2. Related Background Art
As a conventional mechanism to feed a sheet or the like using a vibration wave, there is a mechanism as shown in FIG. 2.
In FIG. 2, reference numeral 1 denotes a voltage controlled oscillator (VCO) which oscillates at a frequency that is four times as high as a driving frequency of an ultrasonic vibration member, which will be explained hereinafter. Reference numeral 2 denotes a ring counter for counting an output of the VCO 1 and for shifting the timings of the conductive states of switching transistors 4a to 4d at a frequency of 1/4 of the output of the VCO 1 in a manner such that the phase of the switching transistor 4b is deviated by 180.degree. from the phase of the switching transistor 4a, the phase of the switching transistor 4c is deviated by 90.degree. from that of the transistor 4a, and the phase of the switching transistor 4d is deviated by 270.degree. from that of the transistor 4a, respectively. Reference numerals 5a to 5c denote step-up transformers each for raising up to a voltage at which an ultrasonic vibration member can be sufficiently driven. The switching transistors 4a and 4b are connected to the primary side of the transformer 5a. There is a phase difference of 180.degree. between the ON timings of the switching transistors 4a and 4b. Thus, a stepped-up AC wave of a frequency which is 1/4 of the output frequency of the oscillator 1 is generated from the secondary side of the transformer 5a.
The switching transistors 4c and 4d are connected to the primary side of the transformer 5b. There is a phase difference of 180.degree. between the ON timings of the switching transistors 4c and 4d in a manner similar to the case of the transformer 5a. On the other hand, the switching transistor 4c has a phase difference of 90.degree. with respect to the switching transistor 4a. The switching transistor 4d also has a phase difference of 90.degree. with respect to the switching transistor 4b. Consequently, an AC wave whose phase is deviated by 90.degree. from the output of the transformer 5a is generated from the secondary side of the transformer 5b. On the other hand, the transistors 4a and 4b are connected to the primary side of the transformer 5c at the positions opposite to the connecting positions of the primary side of the transformer 5a. Therefore, an AC wave whose phase is deviated by 180.degree. from the output of the transformer 5a is generated from the secondary side of the transformer 5c.
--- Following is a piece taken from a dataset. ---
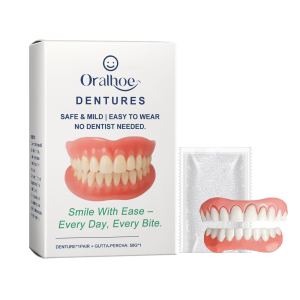 Oralhoe Denture Silicone Kit Orthodontic Fake Tooth Braces Whiten Teeth Comfortable Fit Mouth Cavity Soft Denture Set Easy Use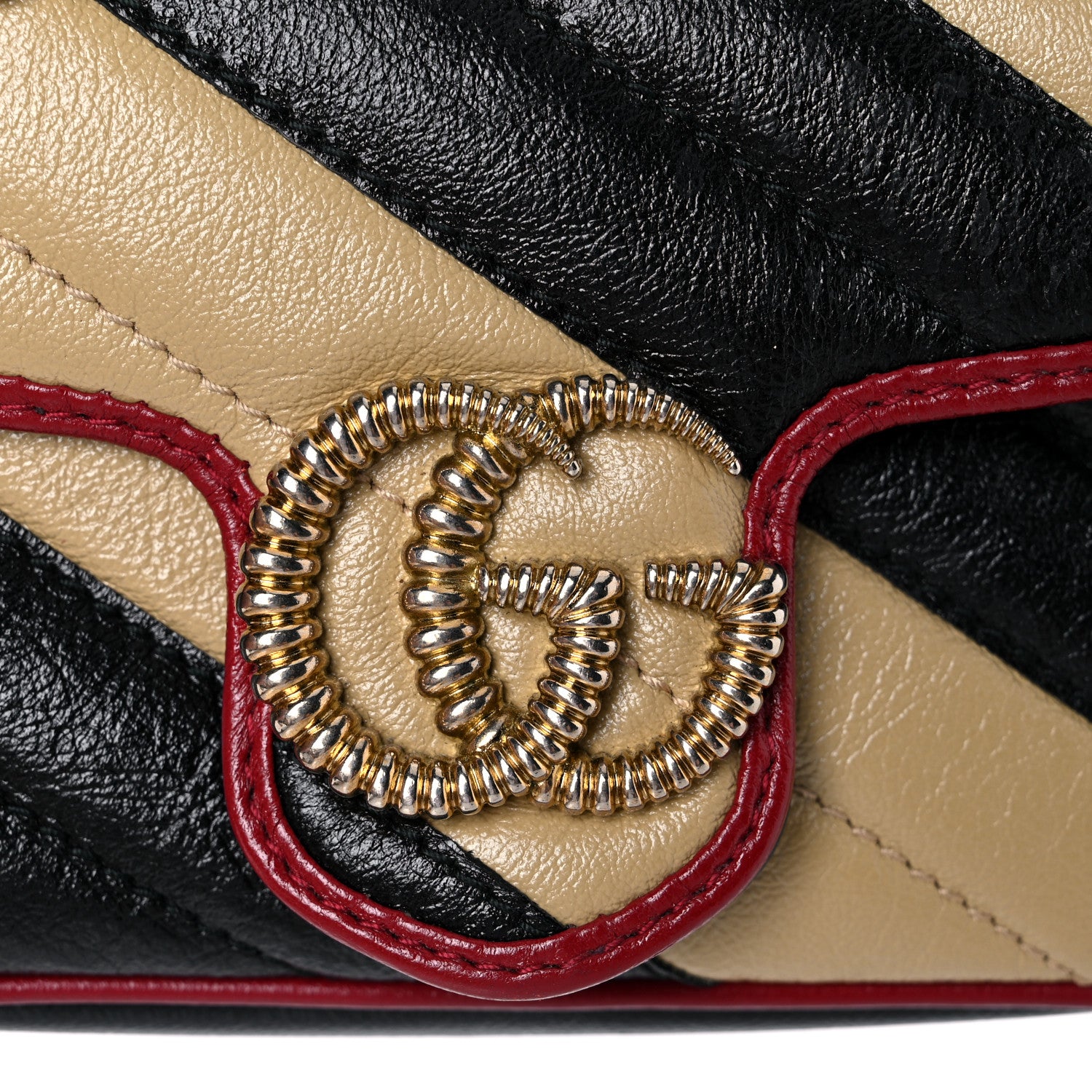 Gucci Vintage Effect Calfskin Matelasse Diagonal Striped Super Mini Torchon GG Marmont Shoulder Bag Black Beige 12 of 13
Reference numerals 11 and 12 denote elastic members by which a sheet 8 is sandwiched by a proper pressure. Piezoelectric transducers 6 (6a, 6b) and 7 (7a, 7b) are adhered to the surfaces of the elastic members 11 and 12 on the side opposite to the surfaces of the elastic members 11 and 12 which are in contact with the sheet 8. FIGS. 3A and 3B show a vibrator comprising the piezoelectric transducer 6 and the elastic member 11. Since another vibrator comprising the piezoelectric transducer 7 and the elastic member 12 also has substantially the same construction as the above vibrator, its description and drawing are omitted. FIG. 3A is a perspective view of the vibrator. FIG. 3B shows a polarization pattern of the piezoelectric transducer. In FIG. 3B, a segment containing a (+) polarizing direction which is opposite to that in a segment containing a (-). As described in JP-A-3-93482, the polarization pattern shown in the above-mentioned FIG. 3B is formed so that a gap of the polarization pattern exists in the node of the vibrating mode of each of the A phase and B phase. In the polarization pattern, electrodes 6a.sub.1 to 6a.sub.5 are referred to as A phase and electrodes 6b.sub.1 to 6b.sub.5 are referred to as B phase hereinafter. There is a positional deviation of 1/4 wavelength between the A phase and the B phase. A travelling wave can be formed in the vibrator by delaying or progressing the AC wave which is applied to the B phase by 90.degree. with respect to a time for the AC wave that is applied to the A phase. The progressing direction of the travelling wave is determined in dependence on whether the time phase difference of the B phase with respect to the A phase is delayed or advanced.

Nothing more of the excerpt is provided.